Categories: Iowa Court Opinions

IN INTEREST OF T.S., 791 N.W.2d 430 (Iowa App. 2010)

IN THE INTEREST OF T.S. and A.S., Minor Children, A.S., Father, Appellant.

No. 0-719 / 10-1032.Court of Appeals of Iowa.
Filed October 6, 2010.

Appeal from the Iowa District Court for Delaware County, Thomas J. Straka, Associate Juvenile Judge.

A father appeals from the order terminating his parental rights. AFFIRMED.

David G. Baumgartner, Strawberry Point, for appellant father.

Stephanie Rattenborg, Manchester, for mother.

Thomas J. Miller, Attorney General, Kathrine S. Miller-Todd, Assistant Attorney General, John Bernau, County Attorney, and Ryan J. Gallagher, Assistant County Attorney, for appellee State.

Kimberly S. Lange, Edgewood, for minor children.

Considered by VOGEL, P.J., and DOYLE and MANSFIELD, JJ.

DOYLE, J.

A father appeals the termination of his parental rights to his children. He contends the State failed to prove the grounds for termination by clear and convincing evidence. He also contends termination is not in the children’s best interests and the State failed to make reasonable efforts to reunite him with his children. Upon our review, we affirm.

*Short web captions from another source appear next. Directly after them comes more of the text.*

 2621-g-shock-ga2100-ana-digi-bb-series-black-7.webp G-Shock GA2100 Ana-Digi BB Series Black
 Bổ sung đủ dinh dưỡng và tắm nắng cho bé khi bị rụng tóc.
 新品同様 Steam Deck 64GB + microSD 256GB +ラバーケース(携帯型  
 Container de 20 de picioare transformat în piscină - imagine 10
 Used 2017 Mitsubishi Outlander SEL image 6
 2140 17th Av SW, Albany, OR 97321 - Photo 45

I. Background Facts and Proceedings.

A.S. is the father and T.M. is the mother of T.S., born September 2007, and A.S., born August 2008.[1] The parents were both sixteen years old when T.S. was born; the father left school after eleventh grade. The parents have a history of domestic violence. The father reported that he received a domestic abuse/disorderly conduct charge in September 2008, and he had previously received a possession of alcohol under the legal age charge. The father lived with his father, the children’s paternal grandfather, and he worked for his father doing some scrap work, but his income was inconsistent. The children lived with their mother.

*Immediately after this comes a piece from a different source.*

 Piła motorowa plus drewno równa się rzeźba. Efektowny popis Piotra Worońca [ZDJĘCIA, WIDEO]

The children came to the attention of the Iowa Department of Human Services (Department) in July 2009, after it was reported that the mother was seen walking barefoot with the children in a stroller along a busy highway, and the mother also did not have diapers or formula for the children. A case worker for the Department went to the mother’s home to discuss the report, and the mother admitted the claim to the worker. Upon visiting the mother’s home, the worker noted other safety concerns, including the condition of the mother’s home, and lack of food and clothing for the children. Both children appeared to be developmentally delayed. At the Department’s request, the mother agreed to place the children in a foster home.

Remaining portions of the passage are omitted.